However, adapting Kurosawa’s screenplay was no easy task. For example, in the original film, Mr. Watanabe falls in love with a young colleague and even buys her stockings.

In Lifethe superficial sexual infatuation is stripped away and the relationship is clearly defined as the chaste friendship between generations central to the plot as Mr. Williams begs his colleague Miss Harris (Aimee Lou Wood) to teach him “a day alive.” to be “.

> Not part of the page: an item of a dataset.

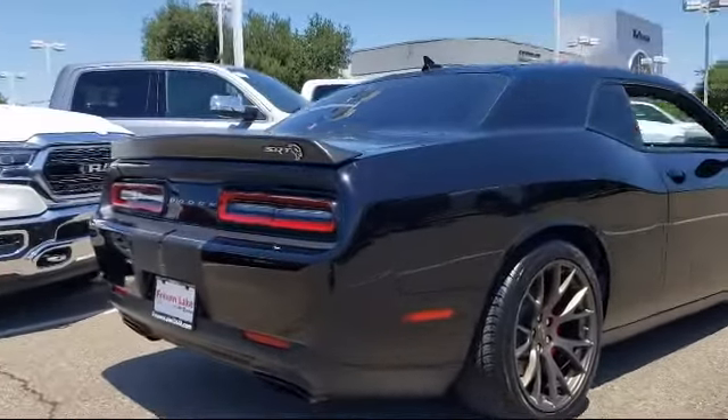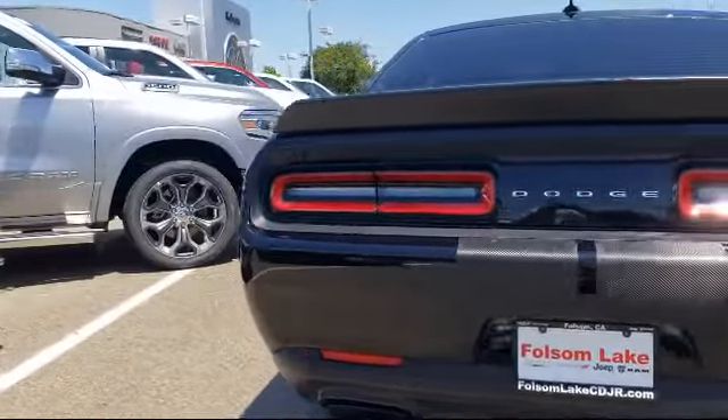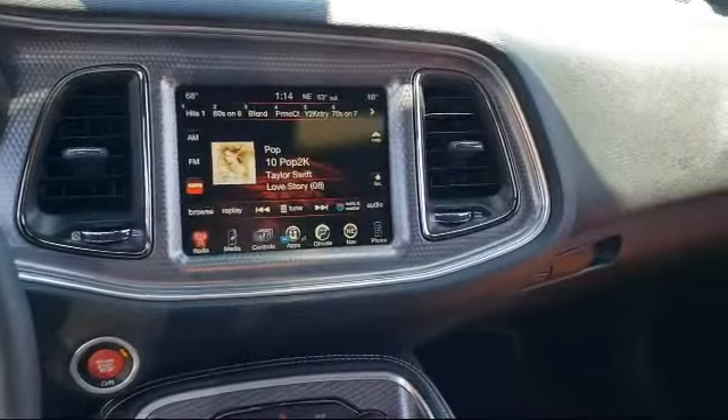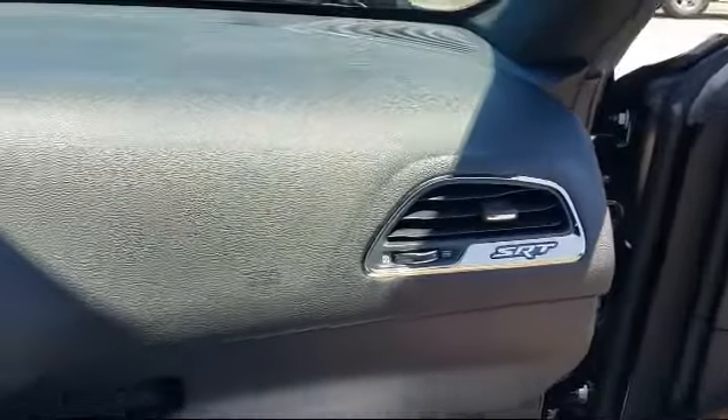Here at Folsom Lake Dodge, we are a proud member of the Victory Automotive Group, and we are home to the no-hassle red tag pricing, so you know you're getting a great deal on a quality vehicle. Please ask about our exclusive Powertrain Plus 90-Day Warranty, one of the best complimentary warranties in the business.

Bill Nighy and Aimee Lou Wood in Living.

Bill Nighy and Aimee Lou Wood in Living.Credit:

“I’ve seen too many films over the last 20 years about older men who get a little ‘lascivious’, obsessed with a younger girl who’s effectively within her capabilities,” says Ishiguro, who is more into the young woman’s role wanted agency.

“It’s not an area to go innocently, especially after the whole Weinstein thing and MeToo.”

In ikiruKurosawa’s humor was brutal: Mr. Watanabe sits in the doctor’s office, wide-eyed, while another patient delivers flowery descriptions of the bowel movement, translating the doctor’s assurance that there is no need for surgery as “virtually a death sentence.”

Bill Nighy in a scene from Living, a new adaptation of the classic Japanese film Ikiru.

Bill Nighy in a scene from Living, a new adaptation of the classic Japanese film Ikiru.Credit:

Ishiguro says it was common in Japan at the time for doctors to falsely assure patients with cancer that they were fine. “My mother told me this: Many people of her generation in Japan spent their time wondering if they had cancer.”

Was the desire for politeness and conformity a reaction to the sheer chaos of World War II in both Japan and Britain, and perhaps suppressed emotional expression and the ability to say “I love you” or “I have cancer”?

“If you read the literature or watch films even before World War I, you will still see these qualities in the British and Japanese,” says Ishiguro.

“It has more to do with militaristic societies… the reality of many nations’ existence was based on being able to defend themselves militarily. This kind of society places a lot of value on being able to suppress your emotions.”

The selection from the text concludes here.